VAO probs :)

Ysaneya · September 19, 2002, 5:49am

Do you have the latest drivers ? Because hum… ATI and drivers… last time i worked with the beta drivers, i found that OpenGL was outdated. I now prefer to work with the “official” catalyst drivers

Y.

Ozzy · September 19, 2002, 7:07am

Muahahaha! ) (nice thought thx)

i was using the latest catalyst stuff. (sept release)

Btw, that’s too bad that it’s again a problem with a driver implementation which is ruining performances of what i think at last a pretty nice piece of hw.
In fact, we should ask for a D3D expert to get his opinion about that 8500LE board when using static data with the microsoft API.
(if static geometry is possible with D3D)

[

[This message has been edited by Ozzy (edited 09-19-2002).]

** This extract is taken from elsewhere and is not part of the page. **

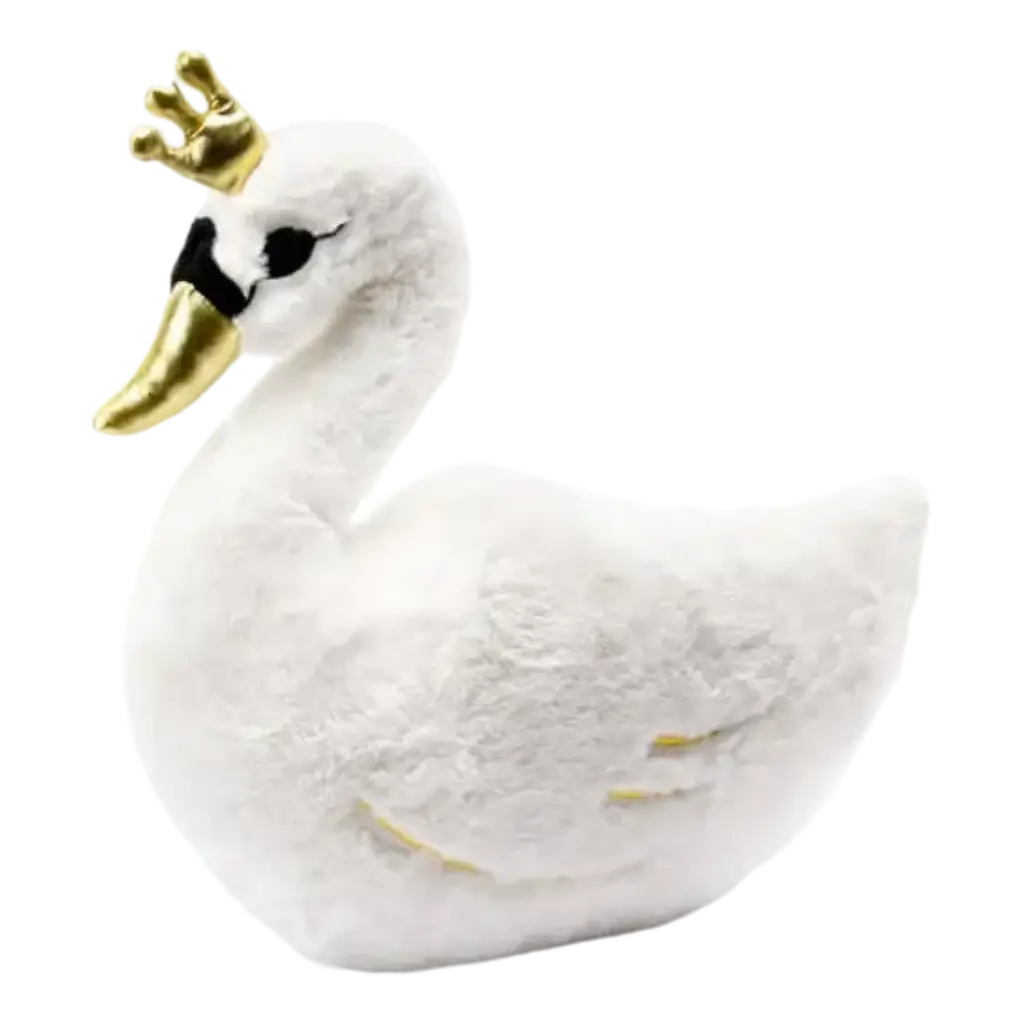 Peluche Cygne blanc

Ysaneya · September 19, 2002, 8:06am

When i got my Radeon 8500, that’s the first thing i tested. I’m no D3D expert, but i can still compile and execute some stuff from the SDK

Anyway, the results were quite incredible… I didn’t achieve more than 10 M Tri / sec (all static) with OpenGL, but the optimized mesh sample from D3D was running at a smooth 40 M Tri / sec. Talk about a difference

I’m convinced that the Radeon is one of the most powerfull cards here, it’s just that you don’t see it in OpenGL …

Y.

Korval · September 19, 2002, 10:06am

For maximum hardware performance, all vertex arrays except for color and secondary color should always be specified to use float
as the component type. Color and secondary color arrays may be specified to use either float or 4-component unsigned byte as the
component type.

I would imagine (RE: hope) that this has changed for the 9700.

Humus · September 19, 2002, 3:04pm

Originally posted by Ysaneya:
I’m convinced that the Radeon is one of the most powerfull cards here, it’s just that you don’t see it in OpenGL …

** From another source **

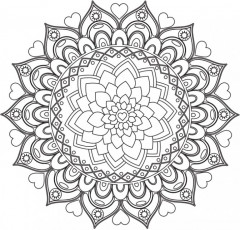 Картина по номерам «Букет в саду» - Фото 3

I’m not sure what you guys do to keep your Radeons performance down , but I have never had any performance problems with polygon throughput. In fact, I wrote a demo once doing vertex skinning in Direct3D, I also did the same thing in OpenGL, same model, same effect. There were no significant performance difference between OpenGL and D3D version. It was like 430 fps (OpenGL) vs. 425 fps (D3D) when looking away from the model and 270 fps (OpenGL) vs. 280 fps (D3D) when looking straight at the model.

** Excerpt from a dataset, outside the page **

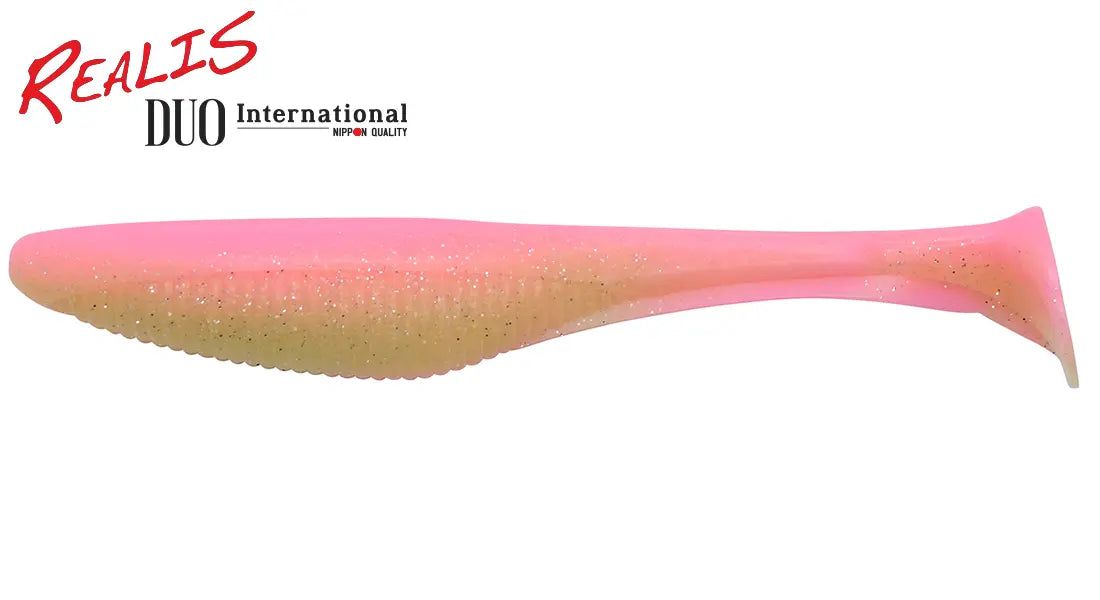Duo Realis Versa Shad Fat 7 17.8cm F092 Pink Chart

Ozzy · September 19, 2002, 9:42pm

Humus, this is not the point to keep that 8500 board performance down!! :))
I have used a celeron300 for the tests ok…
i know that it has a direct impact on dynamic vertex througput! But you certainly also know that it should have no impact on performances when using resident geometry…

When overclocking that celeron to 450Mhz i have noticed an interesting boost thus when can definitely say that data are not stored onboard and that the CPU is too much involved in the VAO implementation.

Concerning D3D vs GL on the same system it sounds pretty logical to get approx the same results Moreover and for GL only, i think that public 3DBenchmarks are quite good for evaluating perfs using standart/classic mechanisms (without dynamic lighting).
What i want to say, is that there shouldn’t be so much differences using CVA (without lighting) on a Radeon or on a Geforce coz sending the data through the bus is the bottleneck.
I’m insisting on the dynamic lighting coz using the fixed funcs has always been a problem (in term of perfs) with ATI drivers!
It is really expensive and again far away from the results with NV implementations.

In fact, the trouble is that the game we’re working on has been designed with T&L in mind. And while it will run smoothly with a stable 60FPS with a low cpu config on a GF256 it will not be the same story with the previous generation of ATI boards which were supposed to be much more powerful than the first GF256 series!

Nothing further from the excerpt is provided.